Playtester's War Journal, day 416: Speedtraps for the Bee Kingdom (esselfortium, Tarnsman)

The colossal one. It was also a very late addition, at least compared to most other maps in e2 and if you can say mid-2013 is a late addition. If I understand the creation process correctly, essel had the mysterious underground temple lying around and Tarns took it and added the surface areas. Not sure who did what about texturing at all.

Nah, all the parts were designed specifically for this map. The first area I built was the swamp ledge jump just before the first bamboo hut you see.

There's a bit of intermingling here and there, but I did the underground temple, the aforementioned swamp ledge jump and the following cave with the bamboo hut where you get the yellow key, and the ending (everything from the steep downhill water cavern onwards to the cliff climb and exit). And of course the rope bridges, which were a very late addition: I kept putting off their creation because I expected them to be much more difficult than they actually were.

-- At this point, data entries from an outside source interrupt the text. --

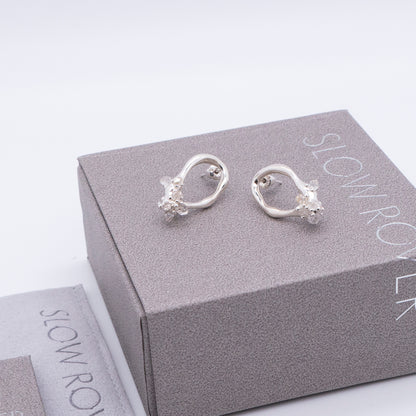 Space Ice - Small Herkimer Diamond Earrings (Silver)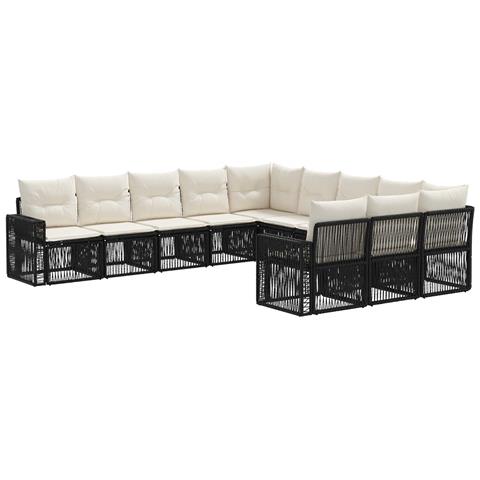 Set Divano da Giardino 11 pcs Nero e Bianco Crema polyrattan - Foto 1
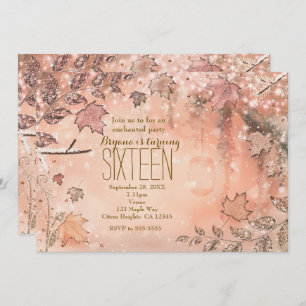 Invitation Parties scintillant Automne Feuilles Rose Gold Aut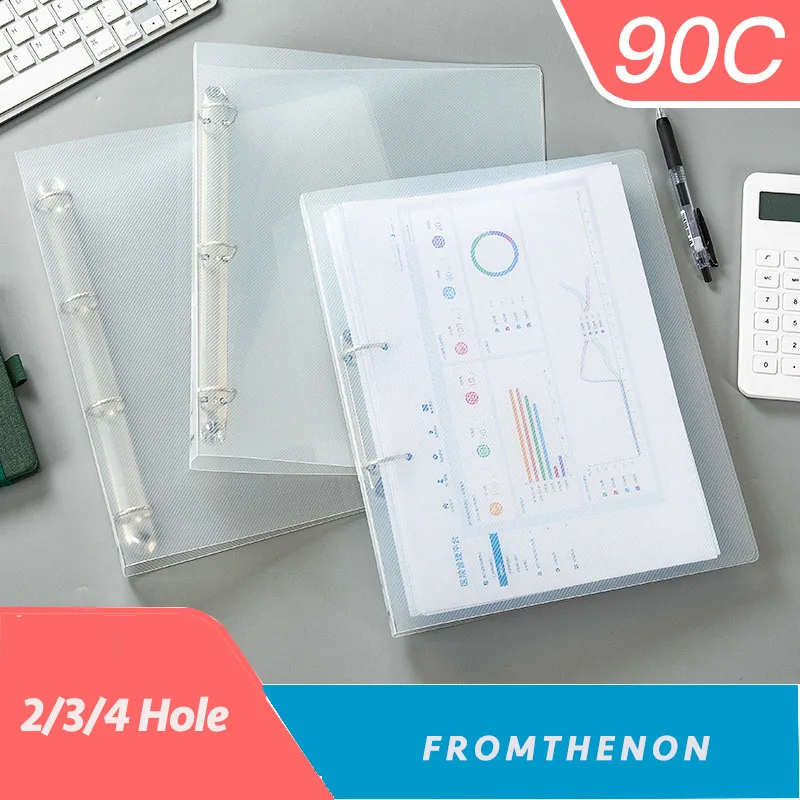 Fromthenon A4 Binder Punch Folder 2 Holes 3 Holes 4 Holes Transparent Plastic Office Files PP Storage Folder Storage Supplies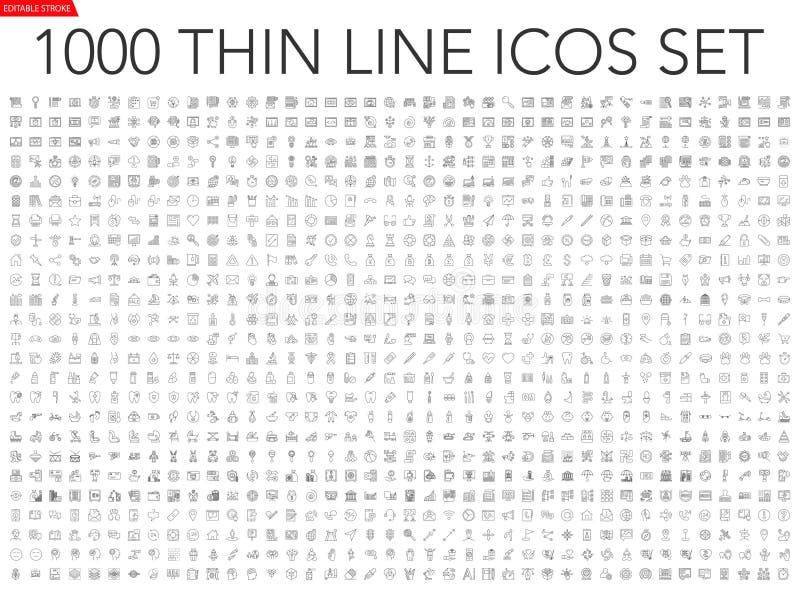 Установите 1000 тонкой линии значки бесплатная иллюстрация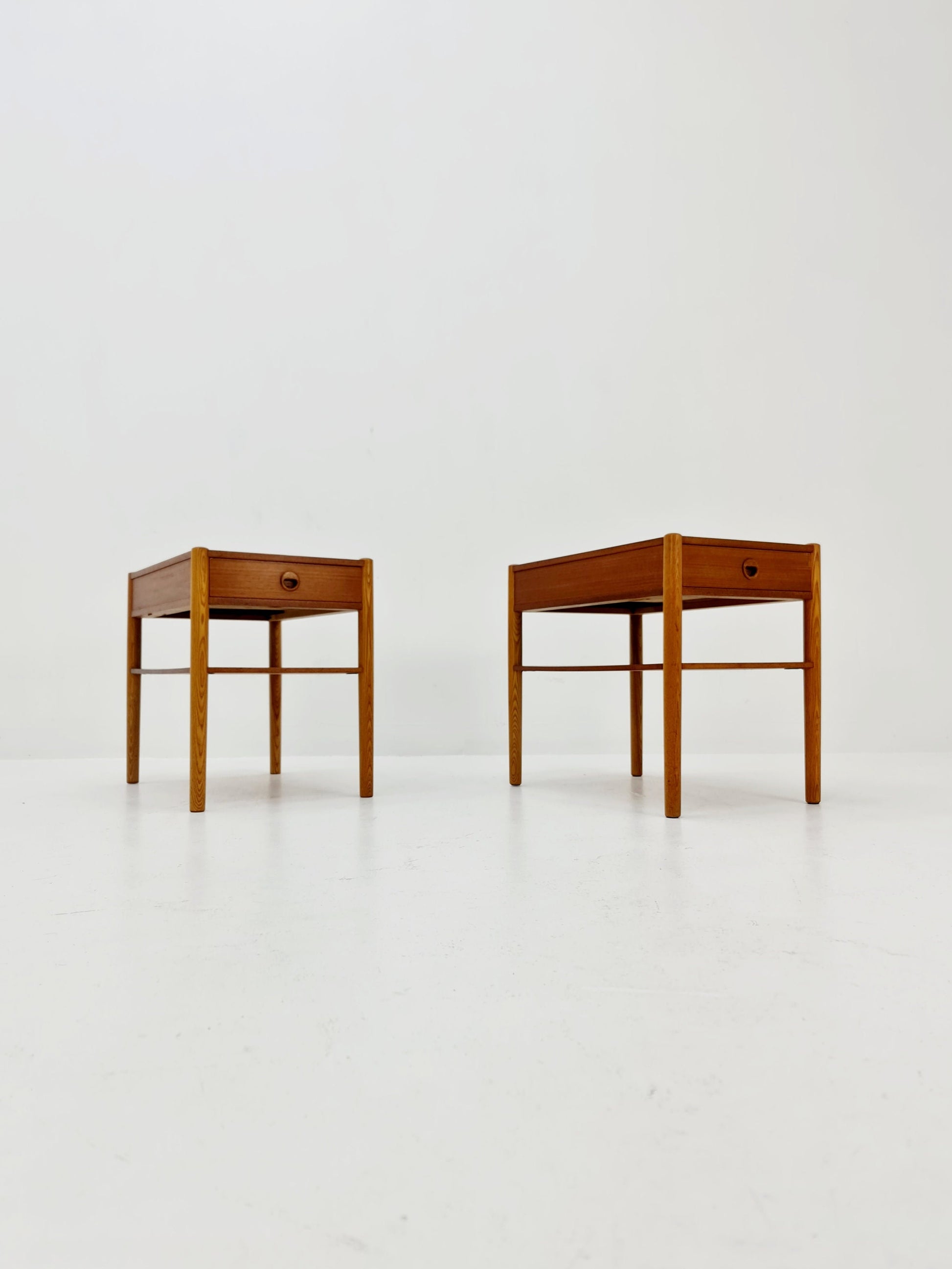 Mid century Danish teak & Oak bedside tables/ nightstands , 1960s, set of 2
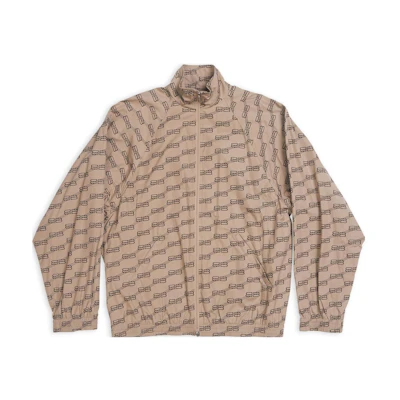 Balenciaga SS22 Allover Logo Zip-Up Jacket Brown Unisex Loose Fit. 704495TML369378
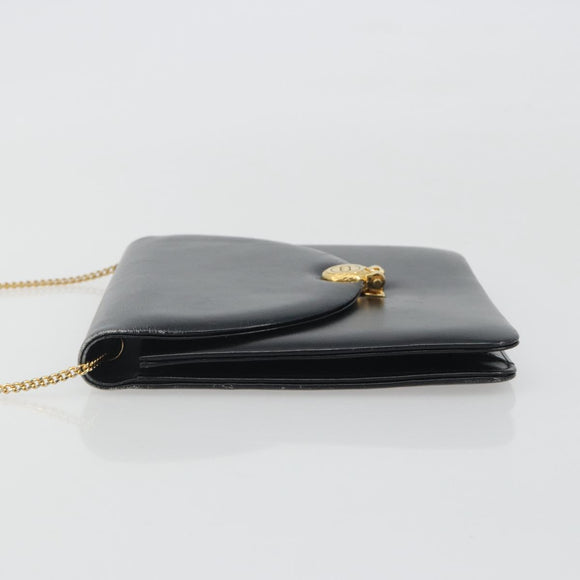 Christian Dior Chain Shoulder Bag Leather Black Gold Tone Auth ep15258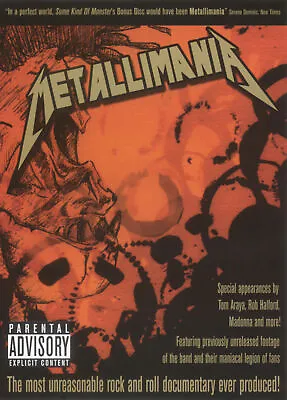 Metallimania: Metallica Rockumentary DVD Cert E Expertly Refurbished Product • £1.98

I actually had to ask Tarns to stop building at some point so that I'd have a chance to catch up with him and have more than one room in the map, because he's so speedy. It was around that time that the underground temple came into existence, I think.

Tarnsman has discussed the possibility of rebuilding some parts of the map for a later release, to more efficiently use the available blockmap space and thus allow more teleport closets and such to be implemented without breaking the size limit.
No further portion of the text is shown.